3. Measure the Screen Grid voltage at 6146 tube socket in receive and transmit mode to ensure no excessive high screen grid voltage. With no finals installed the voltage should not drop much in transmit mode.
4. Measure the 2.2 ohm cathode meter shunt resistor (least important but good idea to check it)
5. Conduct all measurements and testing on 40 meters until you can get the NOS finals neutralized. It is less likely that tubes will take off and oscillate on 7 mhz. Once you can get resting plate current set on 40 meter then go ahead and neutralize on 10 meters. Your O-scope is good tool to do this. If you do not know how to neutralize come back and ask.

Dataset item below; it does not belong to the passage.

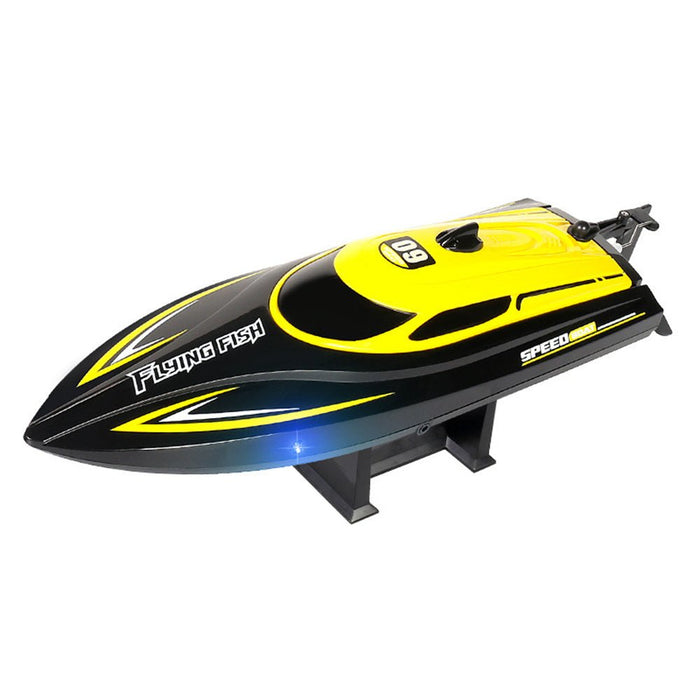 HXJRC HJ812 - 2.4G 4CH High-Speed RC Boat with LED Lights, Waterproof 25km/h Electric Racing Speedboat - Perfect for Lakes, Pools, and Remote Control Toy Enthusiasts - Shopsta EU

Possible causes of 6146 tube failures include:
1. Loss of bias voltage due to problems with bias supply components (bad filter cap) or bad/dirty bias pot causing thermal run away.
2. Tube arc over from anode to cathode due to aging and off-gassing and air ingress around tube pin seals. This usually will blow cathode meter shunt resistor and/or blow rig fuse.
3. Exceeding Screen Grid dissipation due to excessive high screen grid voltage.
4. Excessive off resonance key down time during testing due to operator error.
5. Tube breaking into oscillation due to neutralization problem (we know you had dissimilar type tubes. Dont need matched set but should not run with mixed types)
So again not trying to be mean spirited with my comments. Just trying to help you. I will leave you in the good and very capable hands of Mike and Glenn. 73s Terry K9TW
I got my rigs mixed up. You should not have any screen grid voltage at the final tube socket in RX mode. Just measure it in TX mode. Sorry about that. I have owned and built HW-101, SB-101, SB-102 but many years have past and going kind of off memory. I work on Kenwoods now and much more familiar with how they work and design voltage levels. I also forgot that Heath shows the schematic in TX mode which can throw you off if not aware of that when looking at relay contacts.
Originally Posted by VA3WPN
My response about learning the basics, about safety, ohms law and resistors was based solely on your statement:
I never meant to sound disrespectful, only to point out some reference material and subjects you should study, based on your initial statement about your skill level. If you have any questions about what you are reviewing/reading,
Im new to Tubes, and really Ham radio and its electronics. So This is all a learning curve for me.
come and ask.
DVMs are not good to use when performing alignment where you have to adjust for a peak indication. I recommend using an analog VTVM (look on eBay) since they display a smooth peak indication during the alignment adjustments.
I agree with Terry and Glen, you should measure the final amplifier bias and screen voltage with the final tubes removed from their sockets FIRST. Putting new (NOS) tubes in the final amplifier without ensuring the voltages are
correct, and adjustable as Terry said, can only lead to possible destruction of the NOS final tubes you just bought.
As for the alignment, it is a good idea to read the alignment section in the manual so you have a good understanding of what the alignment steps are telling you. Don't start the alignment process until you have located the source
of and made repairs to the arcing and full scale plate current indication.